According to The Hill, this isn’t the first time. These schools have been disrupted repeatedly with similar threats in recent weeks. Howard University has endured three in the last month.
Home-made bombs are part of American history, of course, and until the 1950s, they were most often associated with the political left. On May 4, 1886, a peaceful rally for the eight-hour day held in Haymarket Square, Chicago, turned deadly when someone—a person who was never identified— threw a bundle of dynamite at the police, killing seven of them and four civilians outright, and injuring dozens of bystanders. On October 1, 1910, a suitcase bomb built by a union member went off in an alley behind the Los Angeles Times. It ignited a gas line, and as the building collapsed, 21 newspaper employees here were killed by the fire.
But possibly the most famous American bombing (said to have been committed by Italian anarchist Mario Buda) was on September 1, 1920, on Wall Street in New York City, which killed forty people and injured hundreds. Carried in a horse-drawn wagon parked in front of the J.P.Morgan Bank, police later estimated that the bomb was made up of 100 pounds of dynamite and 500 pounds of window sash weights, which became lethal projectiles. If the bombers were targeting capitalists, they got few of them: most of those killed and injured were stenographers, messengers, and clerks.
The Wall Street Bombing was one of 30 incidents between May and June 1920, many of which arrived by mail in letters or packages: at least one blew off the hands of a Senator’s secretary. June 2 saw a reach of eight bombs, one of which exploded the front of Attorney General A. Mitchell Palmer’s house in Washington, an event which contributed to a massive anti-Red campaign led by the young J. Edgar Hoover.
The left did not stop using bombs: readers may recall the Weather Underground. This group broke away from Students for a Democratic Society to wage war on the American government and its corporate allies in 1969. In a nice twist, on October 6, 1969, they detonated a statue in Haymarket Square commemorating the police who died in the 1886 bombing. The city of Chicago rebuilt the memorial—and Weatherman blew it up again a year later to the day. But Weatherman’s taste for bombing—although they executed two more—dimmed on March 6, 1970. Building two weapons, one to be planted at Fort Dix in New Jersey and the other at an administration building at Columbia University, went off prematurely at a Greenwich Village townhouse, killing three group members and sending two others underground.

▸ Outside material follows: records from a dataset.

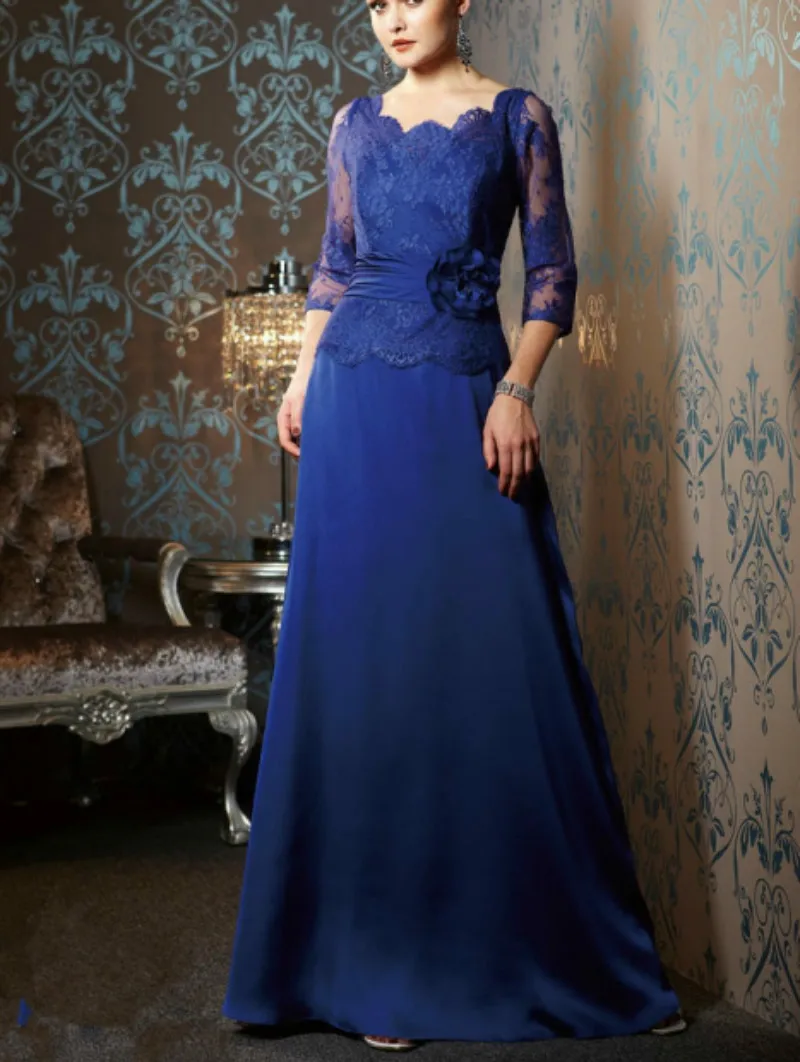 Королевский синий 2019 Мать невесты платья трапециевидной формы шифон Кружева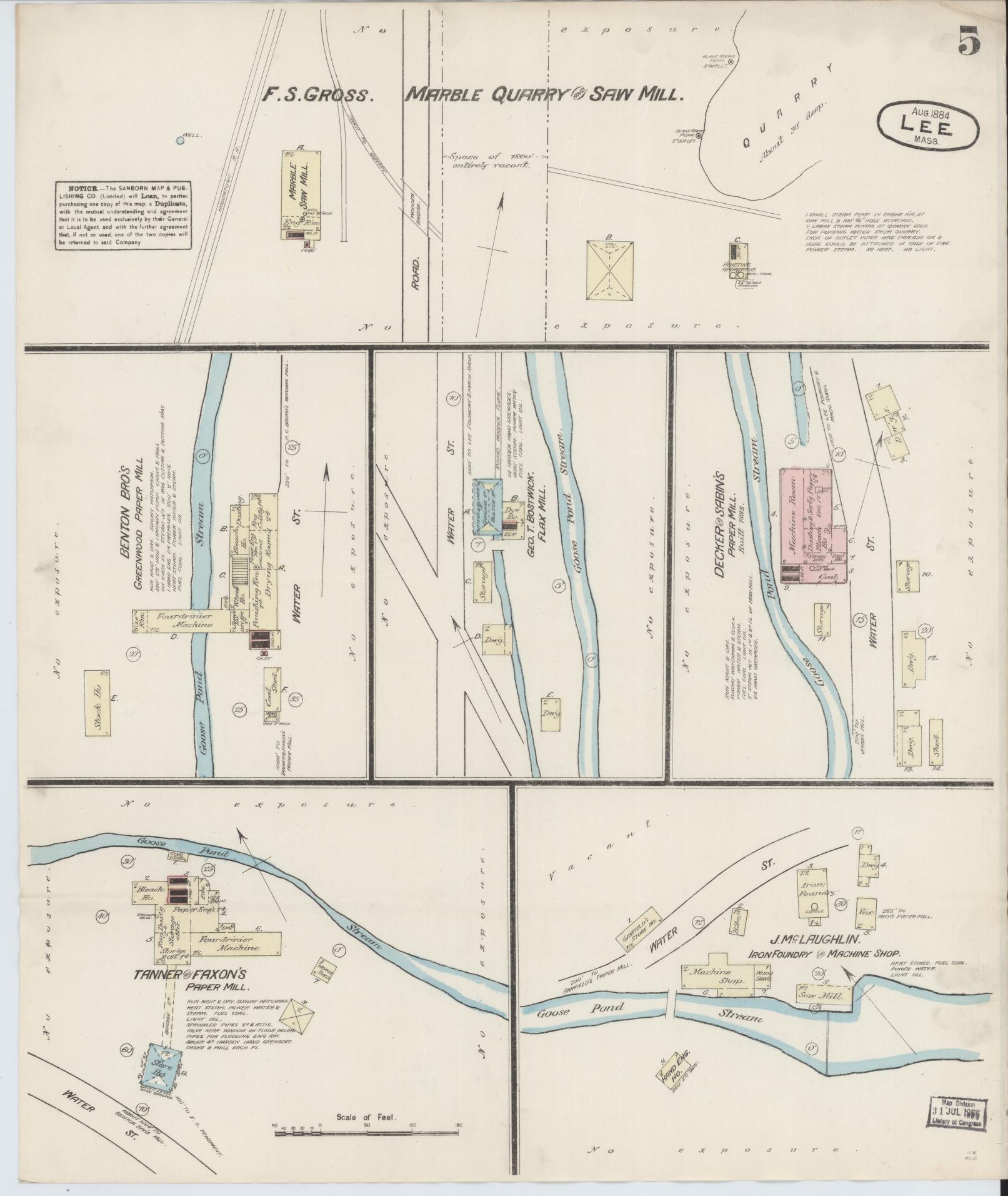 Sanborn Fire Insurance Map from Lee, Berkshire County, Massachusetts (1884), Sheet #0005 - Historic Sanborn Fire Insurance Map Print, vintage old map wall art, antique decor, genealogy gift, Massachusetts Massachusetts map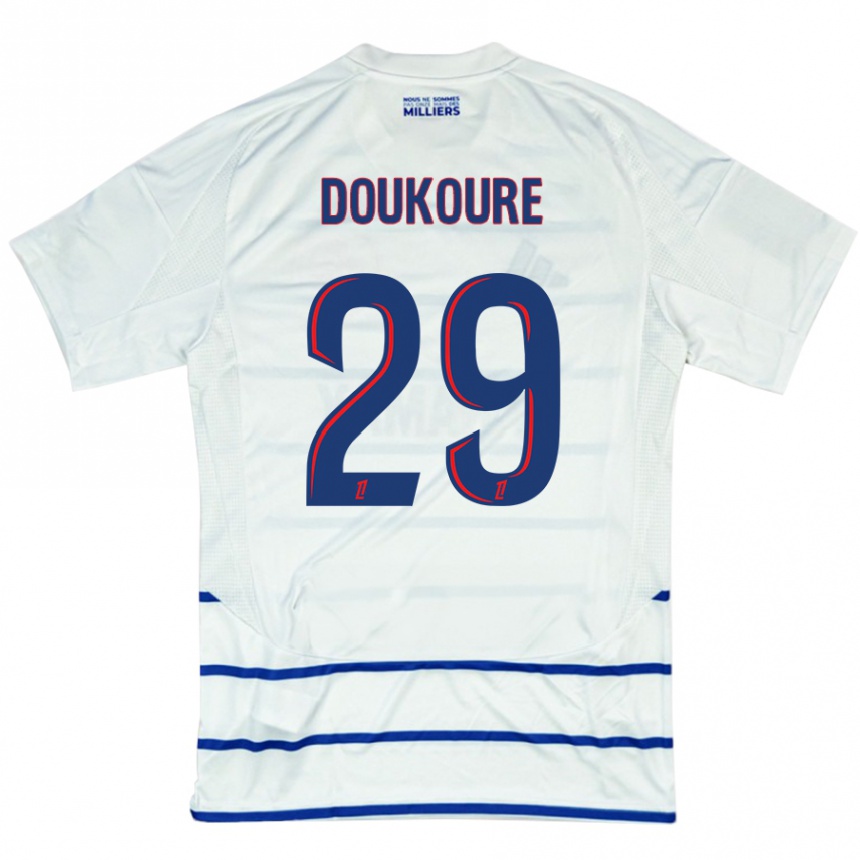 Niño Fútbol Camiseta Ismaël Doukouré #29 Blanco Azul 2ª Equipación 2024/25 Argentina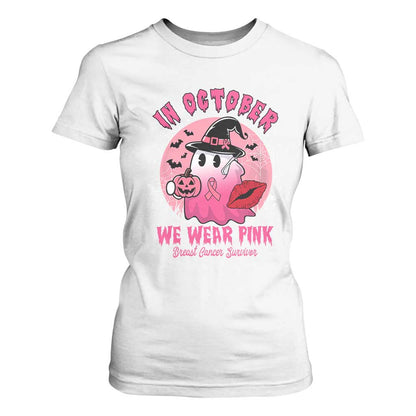 Pink Ribbon Halloween Breast Cancer Support T Shirt For Women Survivor Ghost Pumpkin October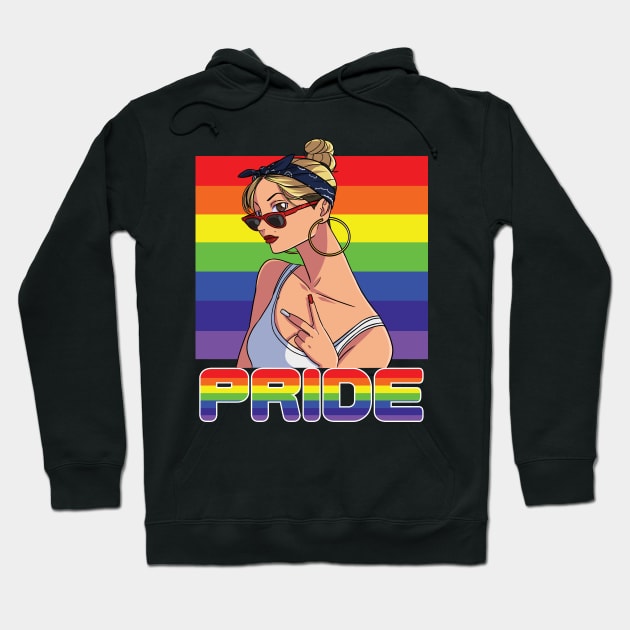 Pride Month Rainbow Lesbian Chola Hoodie by Noseking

One feature of these modern left-wing bombings, most done by Weatherman and by a group surrounding Sam Melville in New York’s East Village, is that because these groups were theoretically working for peace, they issued warnings to prevent bloodshed. As Jane Alpert, a member of the Melville Collective (which kept their dynamite in the refrigerator), later wrote in her memoir, Growing Up Underground (1981), the group imagined themselves as “a ragged band of guerrillas hiding out in the Sierra Maestra, ready to die if necessary to save their country from imperialism….the vanguard of a movement that would topple the government, even if we ourselves did not live to see it happen.”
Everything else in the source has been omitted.